WHAT IS REQUIRED >>
Write out the line with "Descubra o Mundo" and every later line through the end of the data below, exactly as given, with no pictures in the copy.
Start of THE DATA
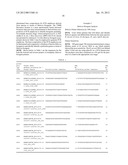 COMPOSITIONS FOR USE IN IDENTIFICATION OF BABESIA BIOAGENTS diagram and image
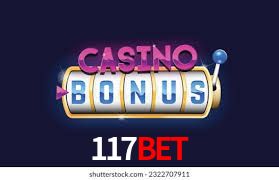 Descubra o Mundo do Cassino Online com 117bet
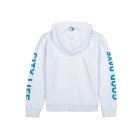 Garcia truien 6735 Dusy Aqua O263464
End of THE DATA
ANSWER SECTION >>
 Descubra o Mundo do Cassino Online com 117bet
 Garcia truien 6735 Dusy Aqua O263464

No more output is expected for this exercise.